▶ **Supplied material**
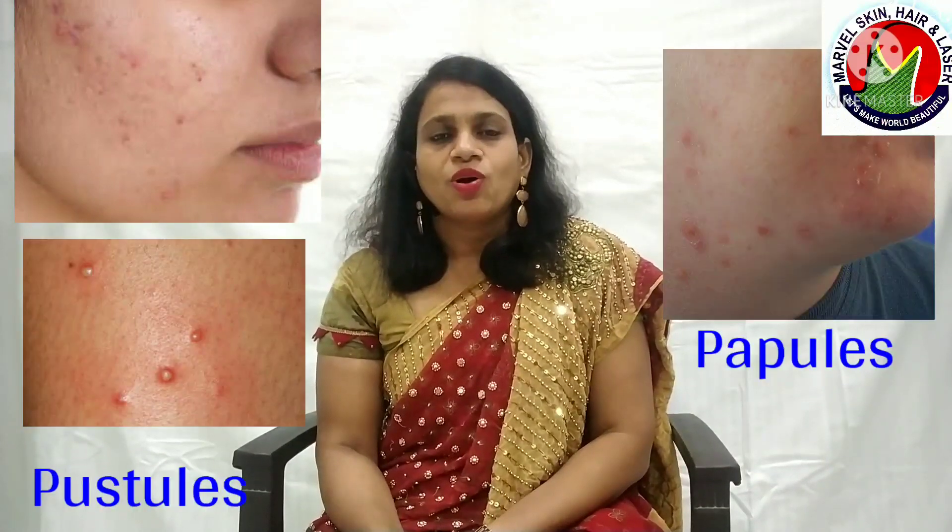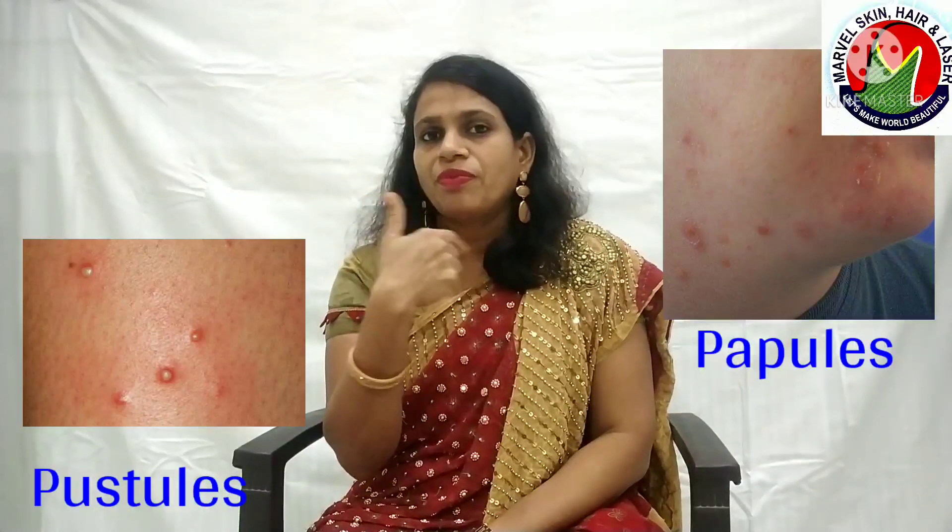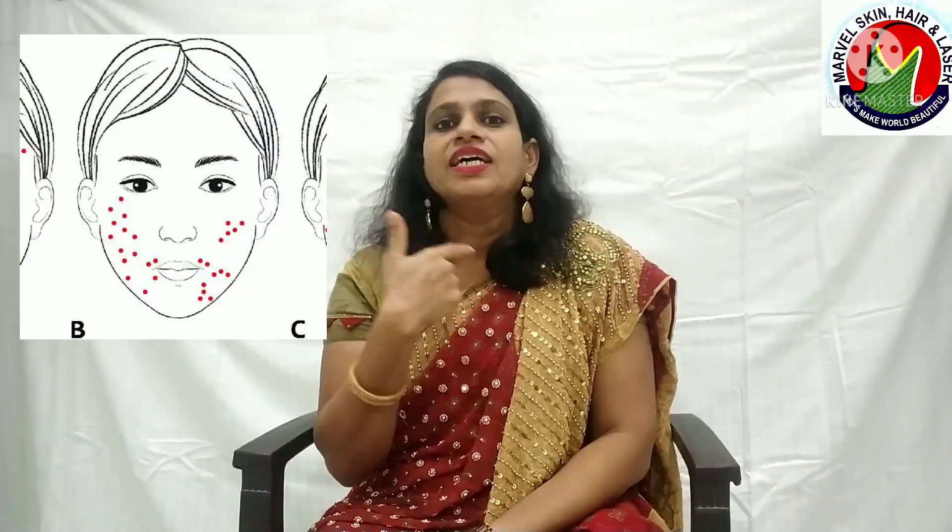This acne can be in the form of small papules and pustules which are seen around the nose, around the mouth, on the face, and extending up to the neck. It can also lead to flare-up of pre-existing conditions like perioral dermatitis or acne rosacea.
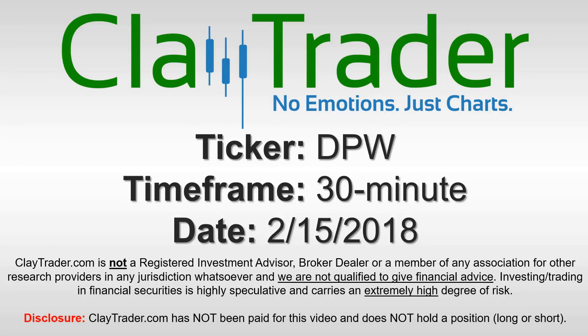Hey, it's Clay, and this will be a video chart on ticker symbol DPW. We will take a look at the 30 minute time frame.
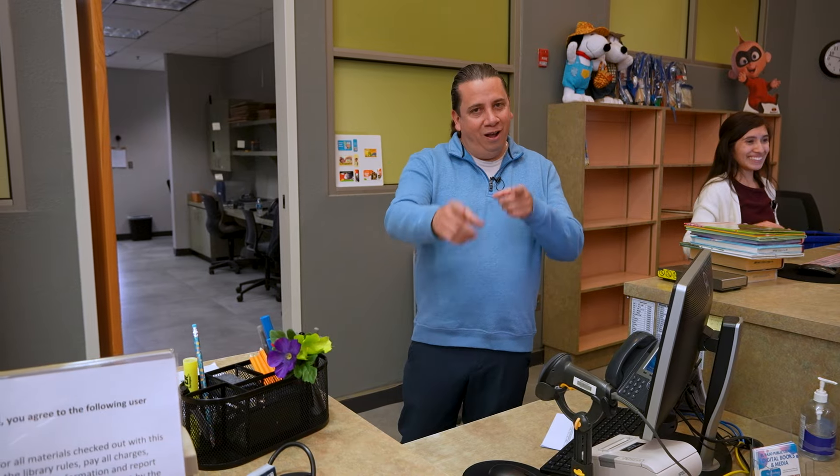That's going to do it for us on this edition of Your City in 5, but I encourage you to come on out and visit the Doris Van Doren Branch Library in West El Paso. From Mario Ramirez, who's behind the camera, I'm Ricky Saillas. Stay safe and please be good to each other. We'll see you next time on Your City in 5.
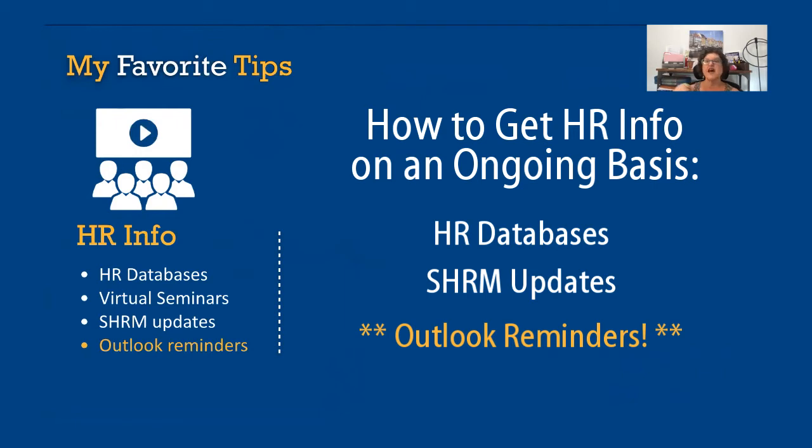For instance, February 1st, post my OSHA 300A log. April 30th, take down my OSHA 300A log. If you put that in Outlook with an annual reminder, you don't have to think about it anymore — they'll just come up to you.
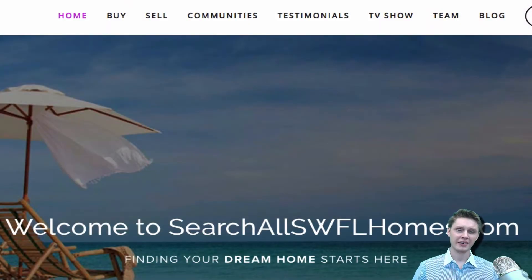Hey, good morning, everybody. Welcome back to another episode of the Southwest Florida Daily Tour of Homes. I'm your host, Cameron Smith. Today,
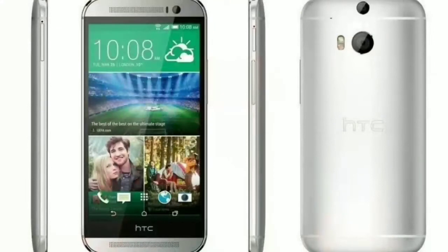HTC revived the trend with the HTC One M8 and HTC One M9+. The implementation of the dual cameras was just to give you a better depth of field effect. Later, the modernization of dual camera smartphones began with LG. It launched the LG G5, where one camera was the main sensor for normal images and the second camera was for ultra wide-angle images.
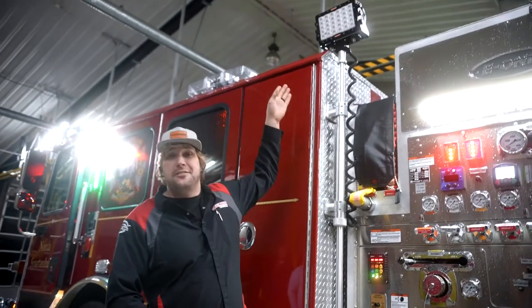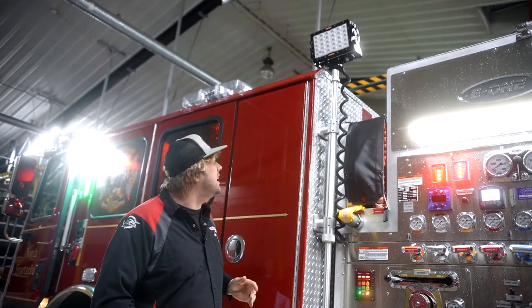We know from the science of the effect of scene lighting that elevation is the key to reducing glare for first responders working around a fire truck. Using pole-mounted scene lights like this FT SLX15 scene light is a great way to create that type of beam pattern.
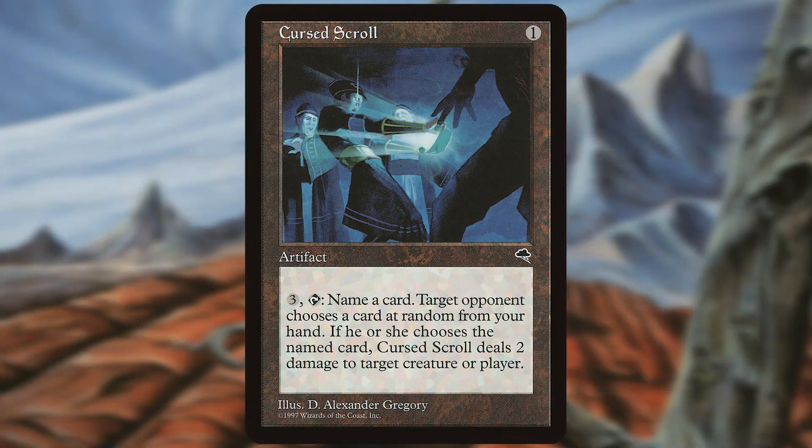Cursed Scroll was a rare from 1997's Tempest. Cursed Scroll is legitimately one of my favorite cards of all time. Designed by Richard Garfield for Tempest, the original intent of the card was to allow a way for you to bluff cards in your hand.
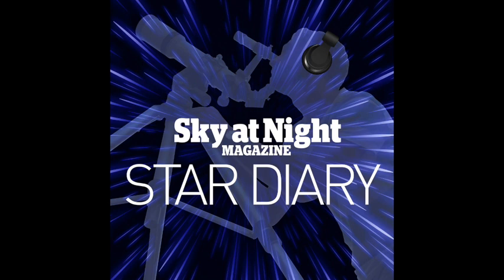Hello and welcome to Star Diary, the podcast from the makers of BBC Sky at Night magazine. You can subscribe to the print edition by visiting skyatnightmagazine.com or to the digital edition by visiting iTunes or Google Play. Greetings listeners and welcome to Star Diary, a weekly guide to the best things to see in the Northern Hemisphere's night sky. As we are based here in the UK, all times are in BST.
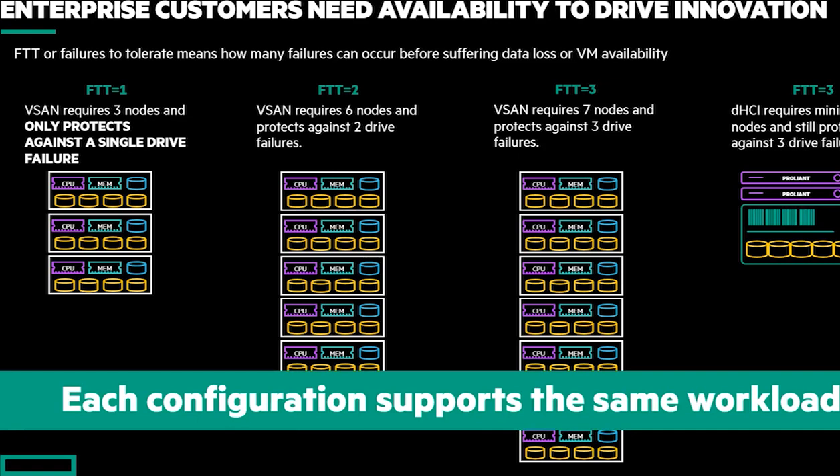In all of these scenarios, this is supporting the same exact workload — which brings back to the original point: availability is important. It's tied directly to the customer's ability to innovate and drive transformation. No customer is going to want to put out a solution that only supports a single drive failure. This is a key area when you're competing against VxRail — you want to keep them honest. A lot of times they're going to put configurations out at FTT1 and FTT2. It's our job to make sure the customer understands the risks, the pros and cons, and that really opens up the discussion around DHCI and its benefits.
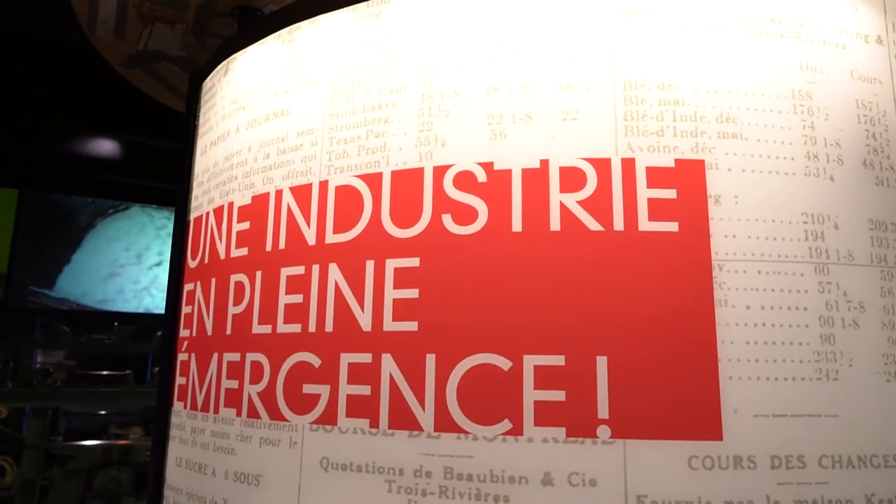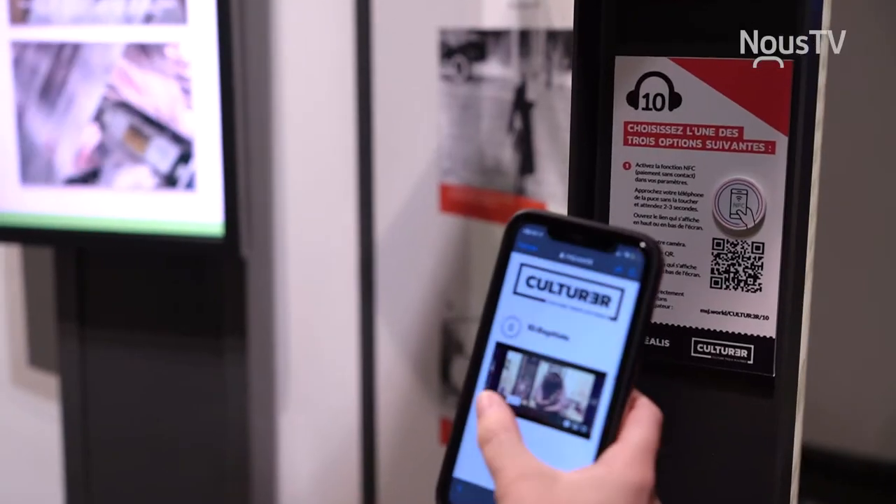Si vous décidez de suivre Baptiste Leblanc, vous allez apprendre comment ça fonctionnait au niveau des accidents de travail. Baptiste Leblanc, c'est un ouvrier journalier de la CIP dans les années 50, incarné par un comédien. Il va vous expliquer ce qu'on a trouvé ici comme accidents de travail et comment les éviter surtout.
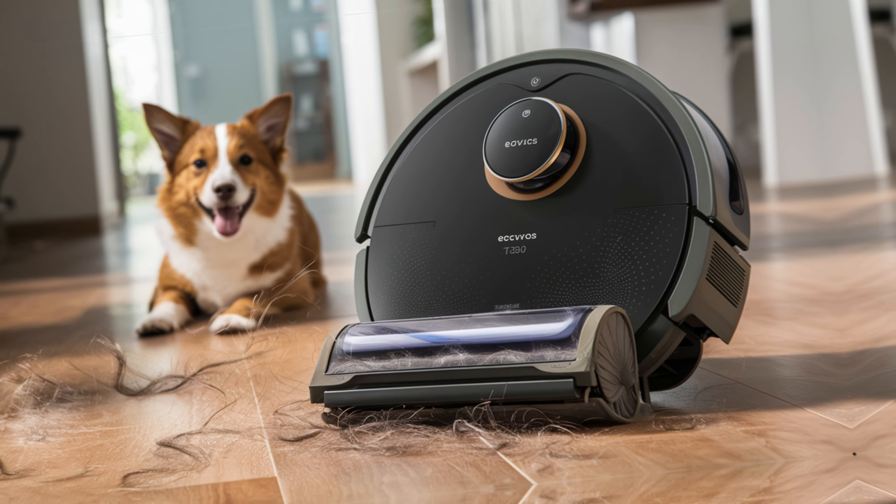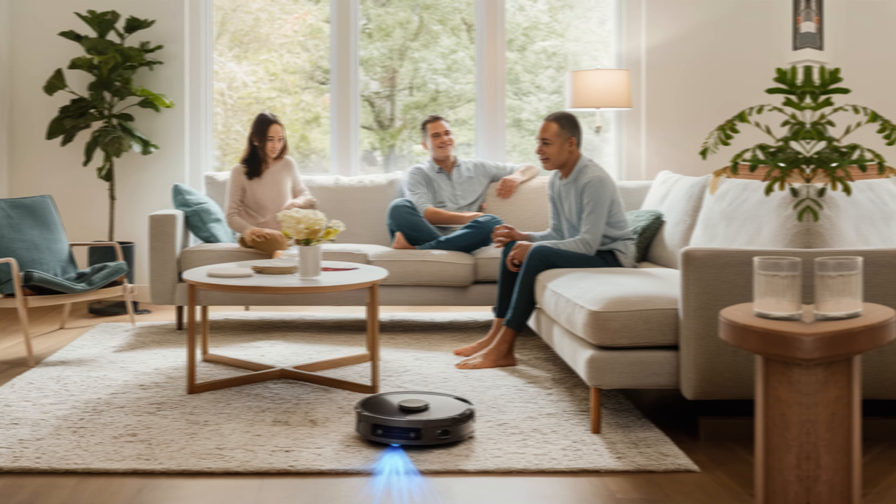Imagine a home where cleaning is effortless and efficient. With the Ecovacs T30S, this dream becomes a reality. This advanced robot vacuum navigates your space with precision. Thanks to its zero-tangle technology, ensuring no hair or debris gets caught. Its self-emptying feature means you can enjoy weeks of spotless floors without lifting a finger.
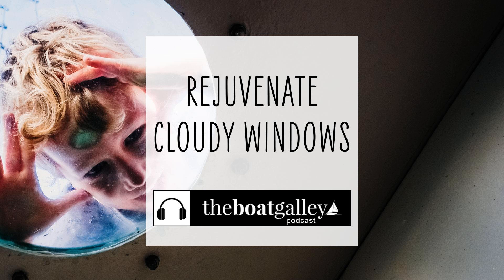Hope that this helps you get much clearer windows with a lot less energy. And if you've enjoyed this episode of the Boat Galley Podcast, please be sure to subscribe so you get all of our episodes and tell your friends about it. Thanks so much.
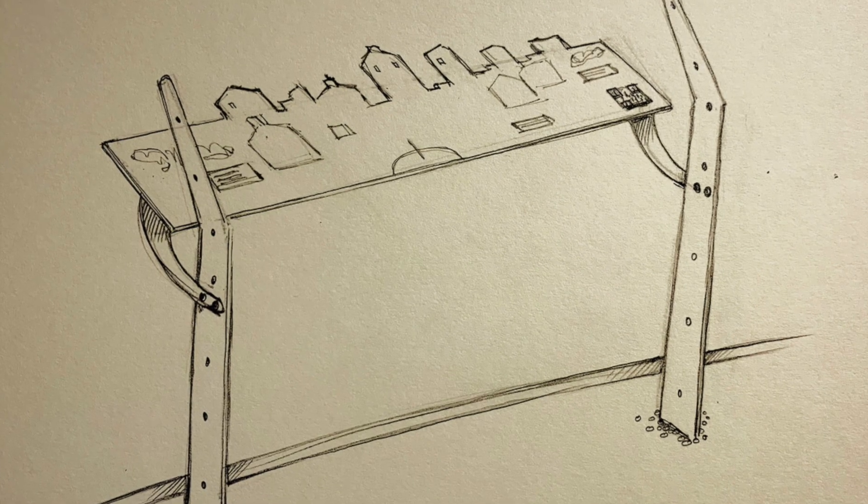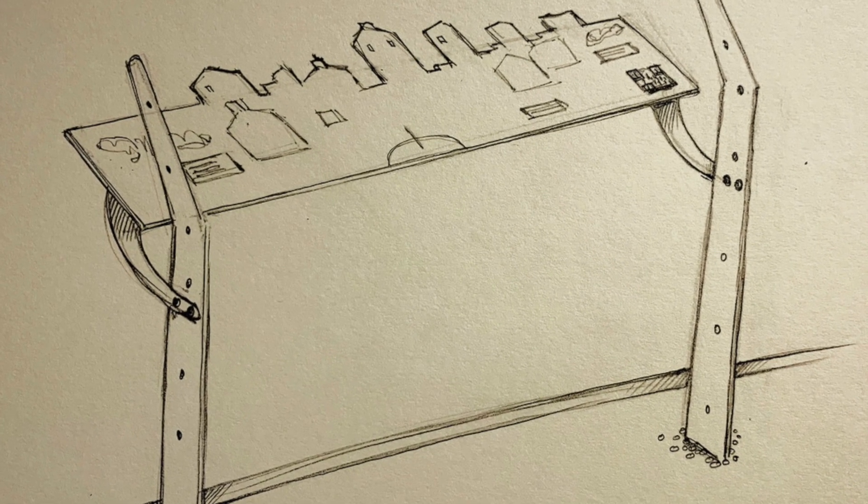My project is going to be to create a series of viewfinders so that when you're standing at the top of the bridge you will see the skyline in front of you, but you'll also get to see what was there before.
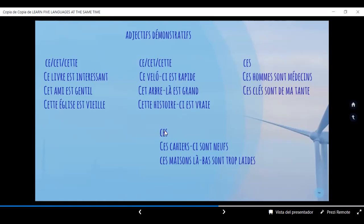Ces — este es plural. Y vamos a dejar más clara la lejanía. 'Ces cahiers-ci sont neufs.' Estos cuadernos de aquí son nuevos. 'Ces maisons-là sont trop laides.' Esas casas de allá son bastante feas. '-Là' es la forma más clara de decir en francés 'allá'.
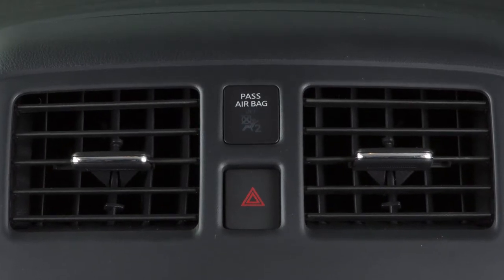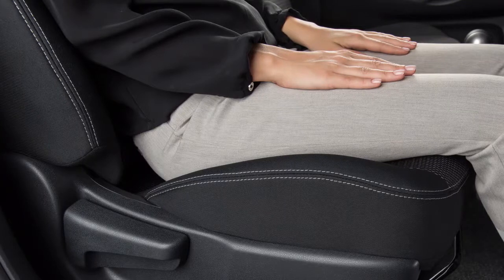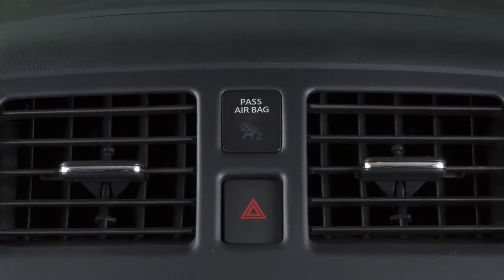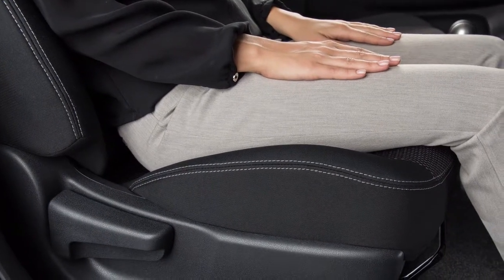The front passenger airbag shuts off and the status light illuminates when the seat is occupied by a small adult, a child, or a child restraint system. The status light will turn off when the airbag is on and the front seat is occupied by an adult.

▶ **Problem to work on**
From the records above, copy exactly the lines starting at the one with "Hey, it's Clay, and" and ending at the one with "That's going to", and no others. Pictures stay out.

▶ **Result of the exercise**
Hey, it's Clay, and this will be a video chart on ticker symbol DPW. We will take a look at the 30 minute time frame.
That's going to do it for us on this edition of Your City in 5, but I encourage you to come on out and visit the Doris Van Doren Branch Library in West El Paso. From Mario Ramirez, who's behind the camera, I'm Ricky Saillas. Stay safe and please be good to each other. We'll see you next time on Your City in 5.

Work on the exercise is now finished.